Data provided -
......

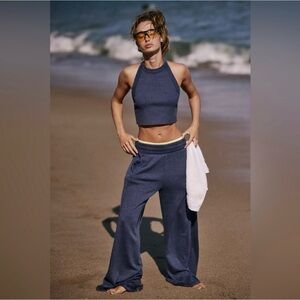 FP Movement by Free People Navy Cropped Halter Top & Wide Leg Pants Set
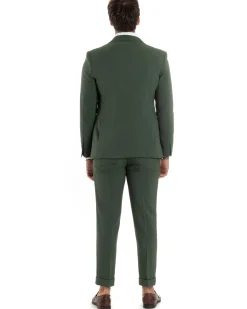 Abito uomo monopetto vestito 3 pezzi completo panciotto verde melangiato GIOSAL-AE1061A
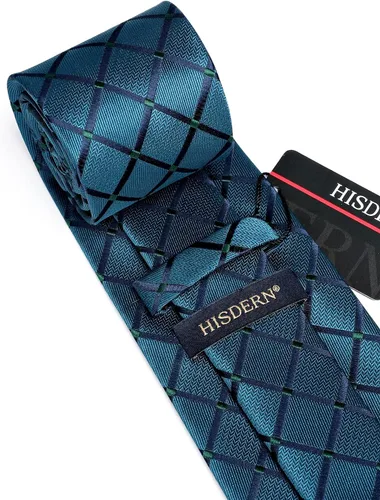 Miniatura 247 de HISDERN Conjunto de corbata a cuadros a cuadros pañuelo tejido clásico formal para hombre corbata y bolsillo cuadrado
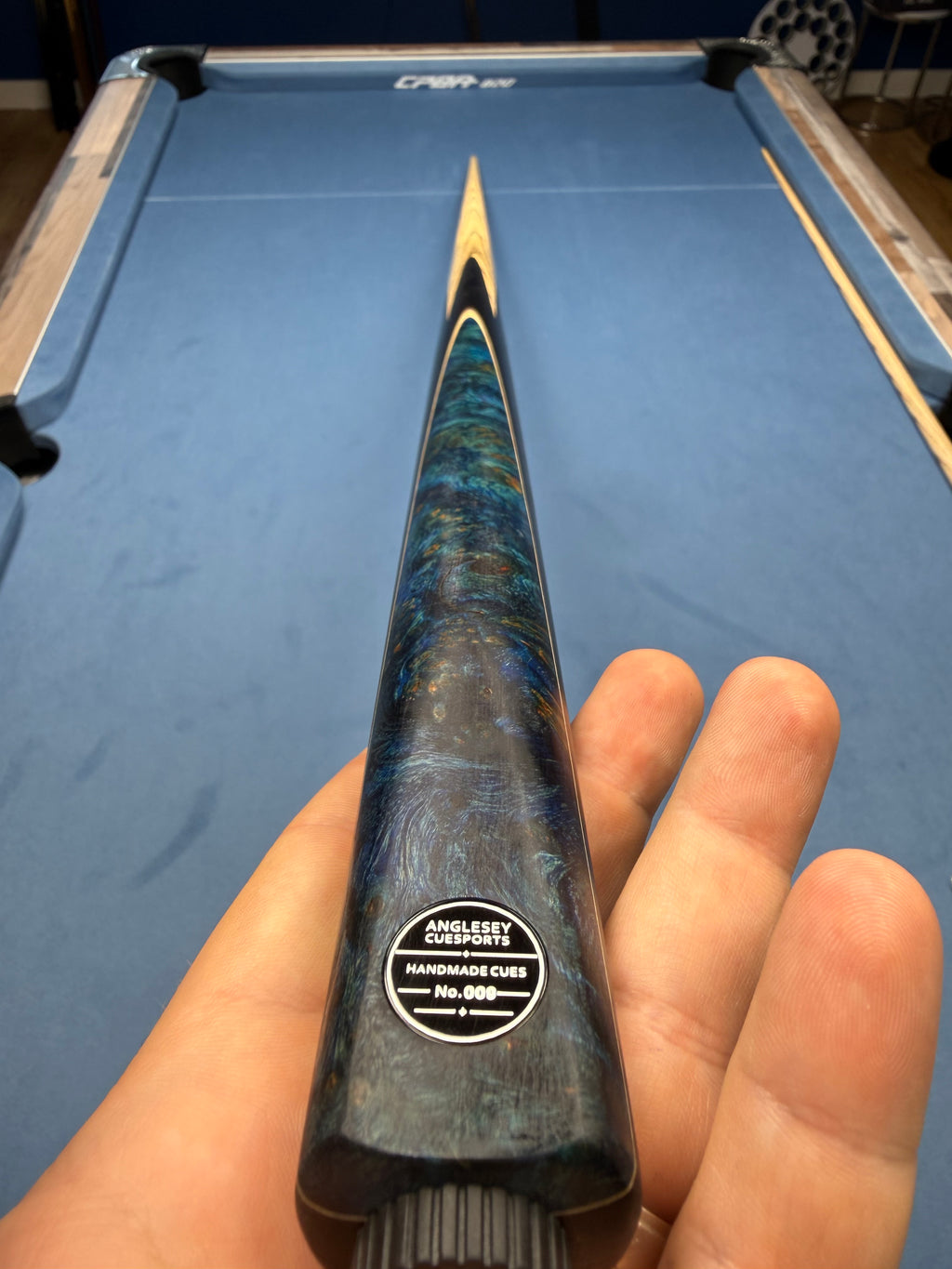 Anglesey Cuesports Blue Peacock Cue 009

......

What to work on - If a picture falls within the span, leave it out, and reproduce exactly the lines from the one containing "Abito uomo monopetto" through the end of the material, and no others.

Exercise output -
 Abito uomo monopetto vestito 3 pezzi completo panciotto verde melangiato GIOSAL-AE1061A
 Miniatura 247 de HISDERN Conjunto de corbata a cuadros a cuadros pañuelo tejido clásico formal para hombre corbata y bolsillo cuadrado
 Anglesey Cuesports Blue Peacock Cue 009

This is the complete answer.